In junior high and high school, I started doing drugs as much out of curiosity and a desire to have fun, as well as the need to escape my own pain. By the time I was in 10th grade, I’d tried most everything that existed at that time — marijuana, amphetamines, narcotics, angel dust, cocaine. Some of my experiences from those days were hilarious and recklessly fun; others were scary, such as the night when a 21-year-old jerk beat me up at a party because I wouldn’t sleep with him. (I was 14 and stoned out of my mind.)

I don’t regret those days — they gave me great material for books — but I also recognize that they were part of a self-destructive impulse. Fortunately, unlike many girls, I was able to turn away from that scene when my life began to feel too out of control. I simply walked away. No addictions. No rehab. I was just done with it.

I had a few good years after that. I traveled to Denmark as an exchange student and saw a completely different way of life, one that I love to this day and miss very much. I worked hard to learn the language, to make friends, to see everything I could see. I took up running very seriously and reached a point where I could click off consecutive 6.5- to 7-minute miles and ran 10 to 13 miles a day six days a week. I met a Danish man, fell in love, got engaged. Then, oppressed by the idea of monogamy, he broke off our engagement.

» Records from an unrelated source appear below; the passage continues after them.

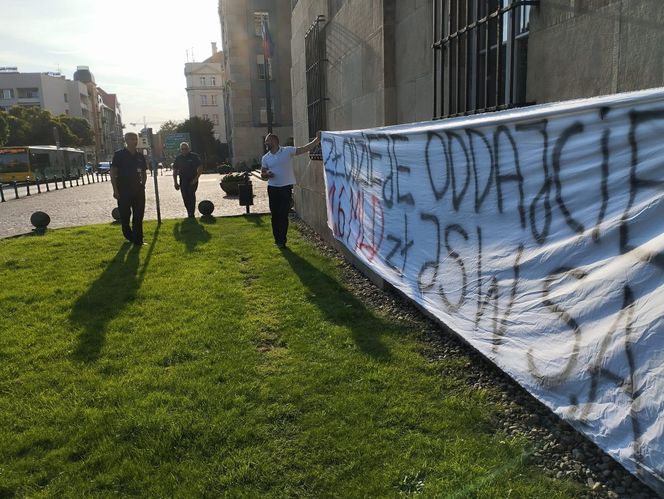 Paraliż w Katowicach. Rozpoczął się protest górników i hutników. "Stal się hartuje, a rząd ją rujnuje"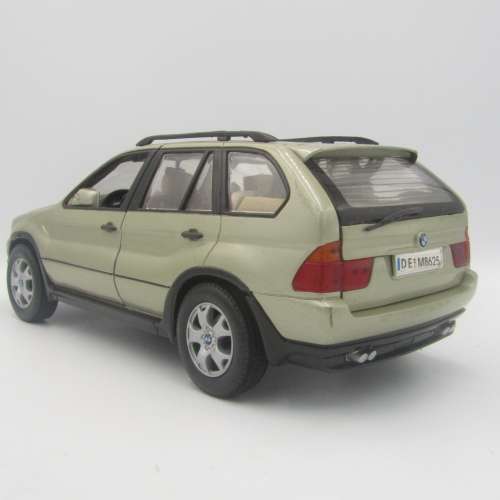 Motor Max BMW X5 die-cast model car - scale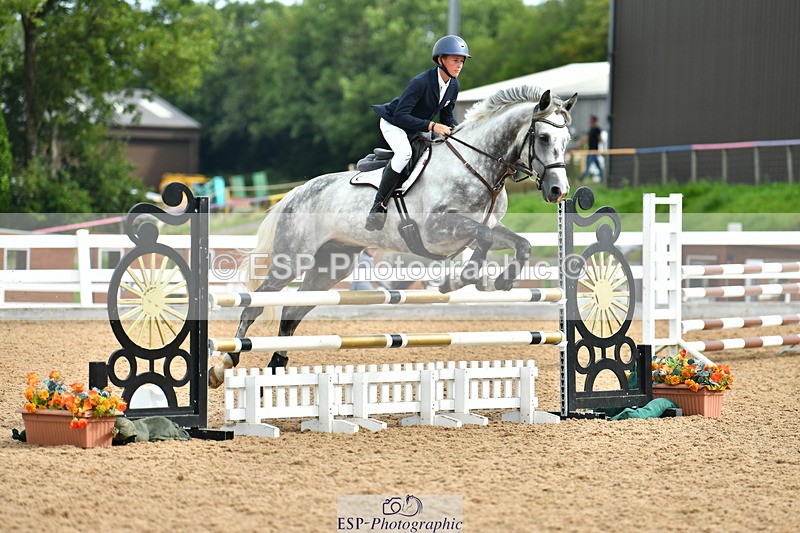 230813A-101005-11357 - Cls 40 A&B Senior Discovery & 1m Open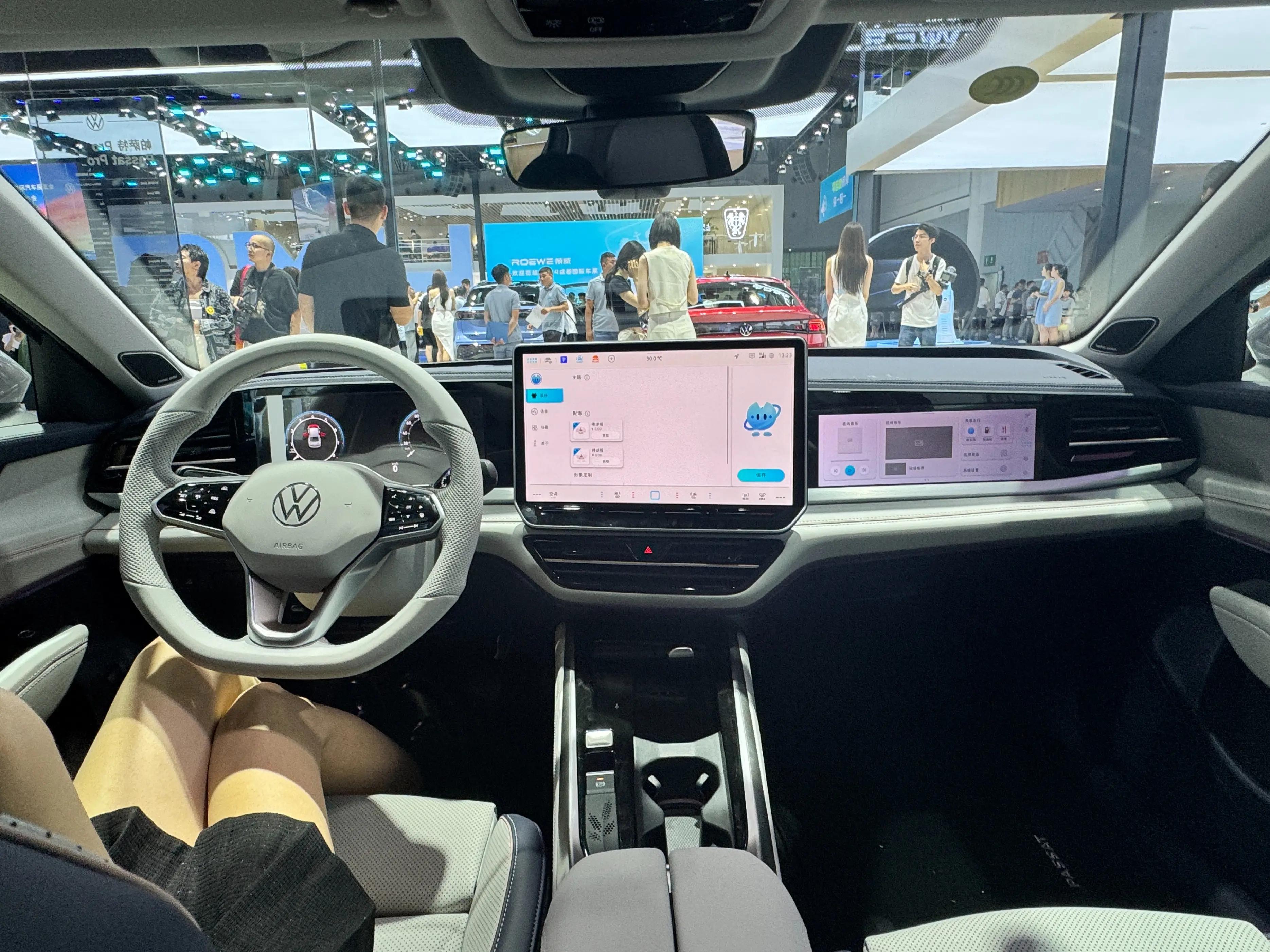 大眾帕薩特殺瘋了！一舉奪下2024年中型車榜首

And the pendulum swung from angel back to beast.



I went back to the U.S. at the age of 20, dabbled in drugs again, though not for long. I met a guy on the rebound and married him because he was... there. I got pregnant almost immediately, tried to make the marriage work and failed. I won’t go into that because that impacts my kids.

I will say that one huge factor in that was the break-in. “The Break-in.” That’s what we call it in my family. That involved two men with switchblades, me alone at home with a 9-month-old baby. I escaped being raped at knife-point by a margin of seconds — an experience I’ve shared publicly. The ordeal, coupled with the sexual assault when I was a kid, resulted in five years of horrid, terrible post-traumatic stress disorder (PTSD).

If it seems like I write a lot of emotionally traumatized characters, that’s why. I relate to that side of them perhaps more than any other.

Of course, many things that seem terrible at the time come with hidden blessings. My bad marriage gave me two wonderful kids. The mountain climbing accident that deprived me of my ability to run helped me find an inner strength I didn’t know I had (and gave me part of the plot for a novel). Having been a victim of sexual assault 1.5 times fueled my desire to confront the bad guys as a journalist, which I did head-on to the benefit of other women. Battling PTSD gave me an empathy for others that I might not otherwise have, making me a better reporter.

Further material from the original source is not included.